スタメンは変らず。連勝しているのだから無理に変える道理は無い。ただ1週間で3試合をこなしてきただけあって、試合開始直後は両チームとも動きが悪い。競馬で馬の反応が鈍い事を「ズブい」と表現する事が有るが、そんな表現がピッタリ来る感じ。ボールが選手の間をピンボールのように行き来する退屈な立ち上がり。
そんな中でイニシアチブを取ったのは甲府。3人の中盤を経由して素早くサイドへ、ピッチをとにかく広く使って、相手のDFの密度を低くさせる。
セレッソがこのパターンにはまったのは、一つに中盤の守備の稚拙さが有る。下村-ピンゴ-森島寛-古橋のブロックで中盤を制圧していれば、DFラインが広く低くなる事も無かったのだが、そこで上手くボールが奪えない。
勿論攻撃にもこの弊害は出ていて、ここが機能しないので厚みのある攻めが出来ない。酒本、ゼ・カルロスが好調で何とかそれらしい形にはなるのだが、フィニッシュの精度が悪く迫力が無い。一見打ち合いのようで、流れとしては甲府の望んでいた形だった。
だから3バックのズレを突かれて失点をした時も、驚きや失望は無かった。こういう事も有るだろうなという、そんな気持ちだった。
むしろ驚いたのは前半ロスタイムのPK。セレサポから見ても不可思議な判定だったのだから、甲府サポの心中察するものがある。しかし勝負事に遠慮はいらない。ゼ・カルロスが危なげ無く決めて同点。そのまま前半を終える。
もしセレッソが後半開始早々の攻めでリードを奪えたなら。ほんの僅かシュートコースが変って、バーに弾かれる事が無ければ、前半のPKも絡めて流れはこちらに傾いていたかもしれない。しかし現実はまだタイスコアで、むしろ命拾いした甲府の方が、その後ぐっとスピードアップしていった。
スピード、物理的なスピードもそうなのだけれど、甲府のプレーヤーはシンキングスピードが速かった。場面場面でどうすべきかを知っていた。そして何より積極的にシュートを打っていった。単純なシュート数はセレッソ12本、甲府10本なのだけれど、崩して打ったシーンは圧倒的に甲府だった。
ゼ・カルロスの何気ない小さなミスを逃さなかった2点目。高速カウンターで左サイドをえぐった時、サボらずに空いたバイタルエリアに走りこみ、見事なミドルを決めてみせた3点目。倉貫の2点は賞賛されるべきクオリティを持っていた。2点目を失ってから3分後、ようやく好調の山田が投入されたが、もう少し交代が早ければというのがこの試合もう一つの「If」。

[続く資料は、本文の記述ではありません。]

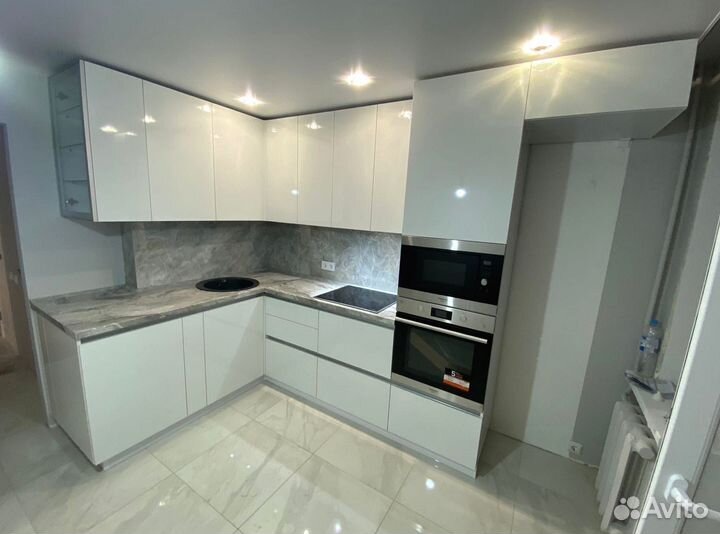 Кухня под потолок эконом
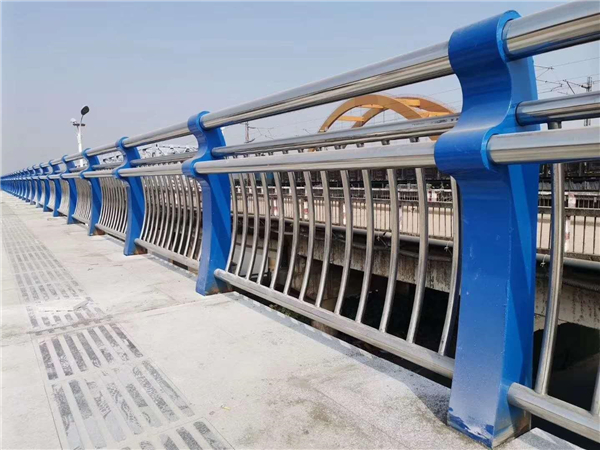 唐山304不锈钢复合管护栏的生产工艺揭秘
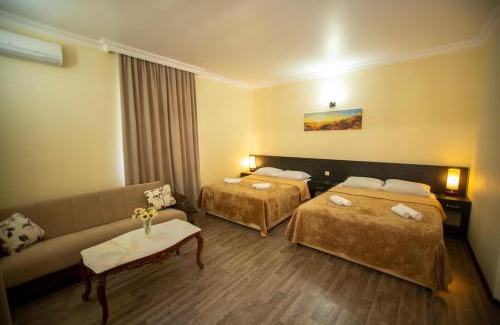 Kobuleti Hotel | Hotel Chveni Ezo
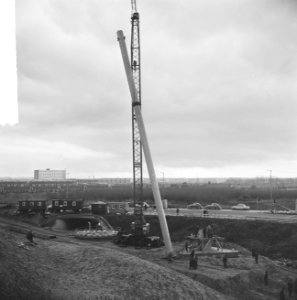 Lichtmasten voor Brienenoord, de mast wordt overeind gezet, Bestanddeelnr 917-1846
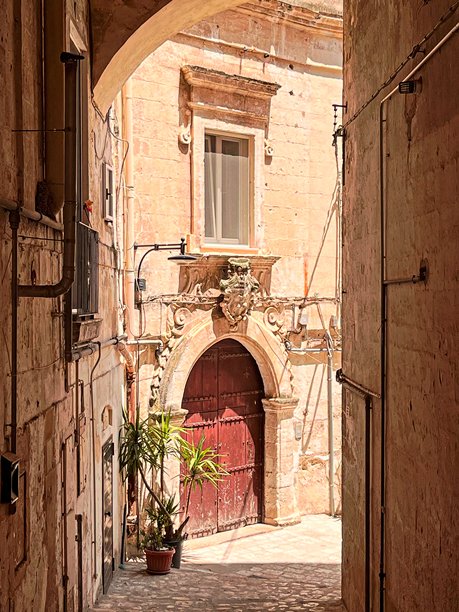 意大利马泰拉的街头照片图片下载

山田はそんなアゲインストの流れの中、よく頑張っていた。ばてかけていた酒本のフォロー、中盤でのビルドアップ、守備では要所要所に顔を出し、獅子奮迅の働き。ショートカウンターから西澤が1点差に詰め寄るゴールを決めたのも偶然ではない。
さらに流れを加速すべく森島寛→徳重。
しかし、これだけ攻撃的な選手を入れ、時折ブルーノまで参加して攻勢をかけても、セレッソは完全に試合を掌握しきれない。

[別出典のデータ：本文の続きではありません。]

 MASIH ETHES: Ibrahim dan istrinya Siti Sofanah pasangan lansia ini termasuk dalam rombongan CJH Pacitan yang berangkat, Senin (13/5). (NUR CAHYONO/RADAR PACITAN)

理由ははっきりしている。失敗を恐れる意識がプレーを萎縮させ、想像力を奪ったのだ。この試合何度「お前が打て!」と叫んだだろう。皆外す事を嫌って、そのシュートさえ打てない。特に古橋、森島寛、ゼ・カルロス辺りはもっとガンガン打っていっていい。多少ボックスから離れていても、常にシュートをプライオリティの最上位に持っていくべきだ。サッカーは芸術点や合わせ技の無い、単純に得点が多い方が勝つゲームなのだから。パワープレー要員に柿本を入れたが、あわやというシーンは生まれなかった。

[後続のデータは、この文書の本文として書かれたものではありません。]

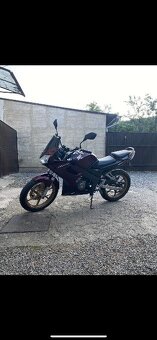 Honda CBR 125 - 4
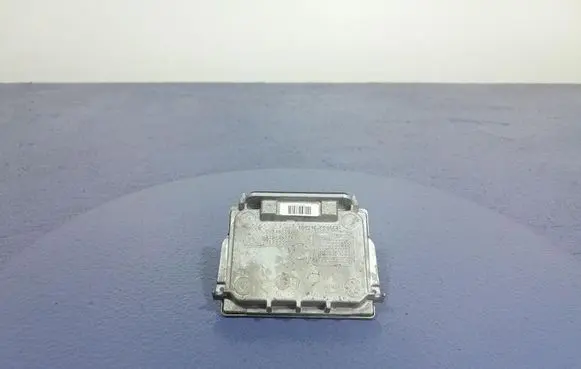 Citroen C5 Voltage converter/converter module 89032335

それに加え、試合終盤には観たくないシーンが続いた。雑なプレー、乱闘寸前のもみ合い。確かに甲府の露骨な時間稼ぎや不可解な判定でイラつくのは理解できる。ただそうしたところでチームにいい事は一つも無い。リベンジをするなら勝つ事、得点する事に集中した方がいい。奪えたのが古橋、ブルーノへのイエローカード2枚というのは、あまりに寂しい。
観客が6282人と、好天の週末にしては寒いスタジアムだったが、こんな内容の試合を続けていたら、長居第二すら閑古鳥という事態にもなりかねない。どんな些細なことでも良いから、とにかく勝つ為の努力をしてほしい。